Отношение кайзера к войне демонстрировало ту же переменчивую непоследовательность, что и к другим вещам. В 1918 году Баллин считал, что Вильгельм измотан войной, которая «абсолютно чужда ему по духу». Сам кайзер однажды сказал, что, будь он командиром субмарины, ни за что не выпустил бы торпеду по кораблю, если бы знал, что на борту есть женщины и дети. В другом случае он заявил, что провел бессонную ночь, мучаясь мыслью, что именно он втянул несчастный немецкий народ, который уже и без того принес такие огромные жертвы, в новую войну с Америкой. Он первое время сопротивлялся воздушным налетам на Лондон, но потом согласился при условии, что их целями будут только военные. В то же время в первые дни войны он наслаждался, слушая рассказы о горах трупов высотой шесть футов и вахмистре, убившем двадцать семь французов сорока пятью выстрелами. Фразы вроде «Пленных не брать!» или «Убейте столько свиней, сколько сможете» часто слетали с его губ. Однажды он сказал: «Когда дело дойдет до резания горла, Вильсон должен первым перерезать горло себе». Через пять месяцев после перемирия он еще говорил: «Мы знаем свою цель, курки наших ружей взведены, предателей – к стенке». Для кайзера быть сильным человеком – значило играть роль, но этой игре он отдавался со всей своей энергией. А его выступления были таковы, что у пропаганды союзников всегда была пища.
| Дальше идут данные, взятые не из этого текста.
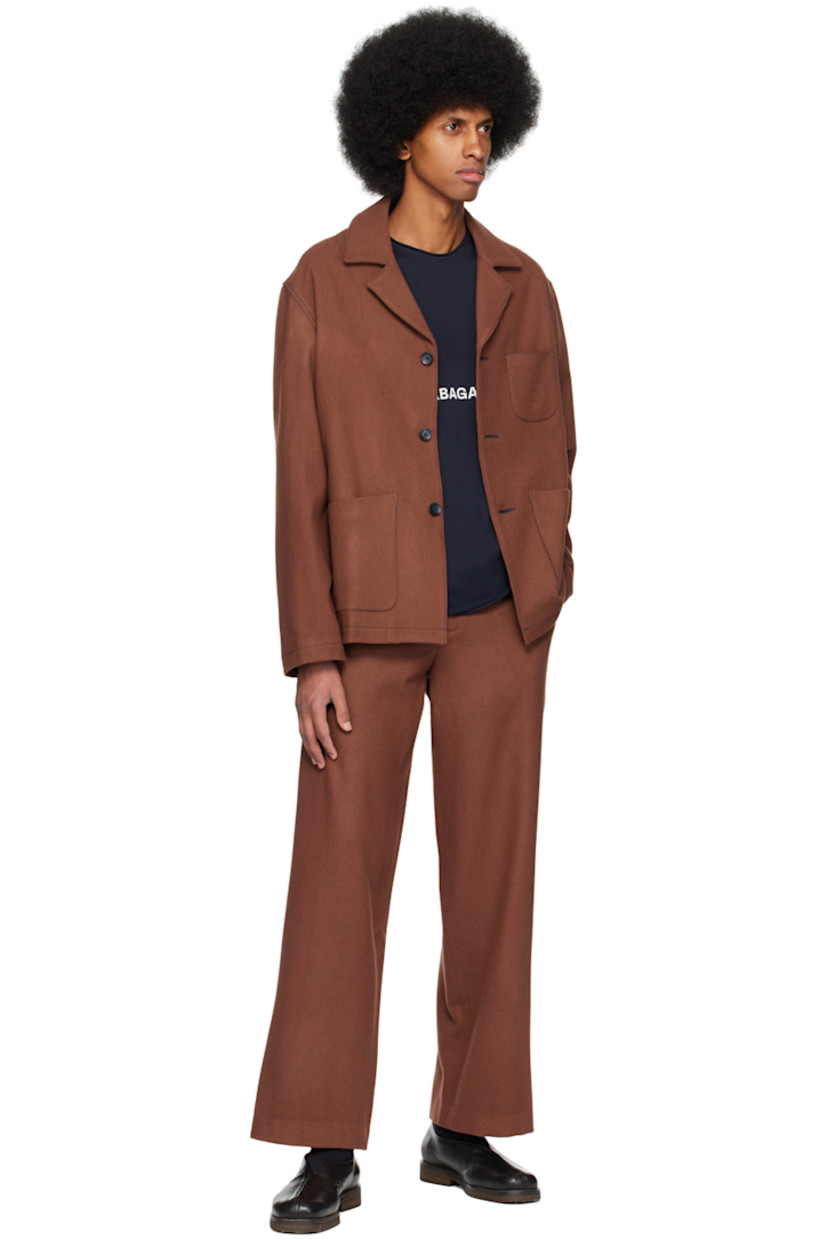 Merino wool melton jacket.

· Notched lapel
· Button closure
· Patch pockets at front
· Full plain-woven polyester-blend lining
· Contrast stitching in navy

Supplier color: Cappuccino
Пренебрежение кайзера гражданскими делами стало проще после решения партий в начале войны установить «мир в крепости» (Burgfrieden). Социал-демократы опровергли все страхи, которые так долго преследовали внутреннюю политику Германии, решением голосовать в рейхстаге за военные кредиты, поскольку Германия должна быть защищена от армии вторжения властолюбивого царя. Даже четырнадцать депутатов, которые были против этого решения на партийном съезде, изменили свою позицию в палате. Вместо того чтобы призвать к ответу руководство страны, которое втянуло Германию, имеющую только одного союзника, в войну против трех мировых держав, шесть миллионов солдат против десяти миллионов, население приветствовало начало войны с энтузиазмом, и рейхстаг ничего не изменил. Burgfrieden поощрял заблуждения не только о прошлом. Правые и левые продолжали по-разному представлять, что будет после окончания войны, причем их представления различались так же сильно, как и раньше. Чтобы не допустить лобового столкновения относительно целей войны, Бетман принял решение бойкотировать все официальные обсуждения по этому вопросу.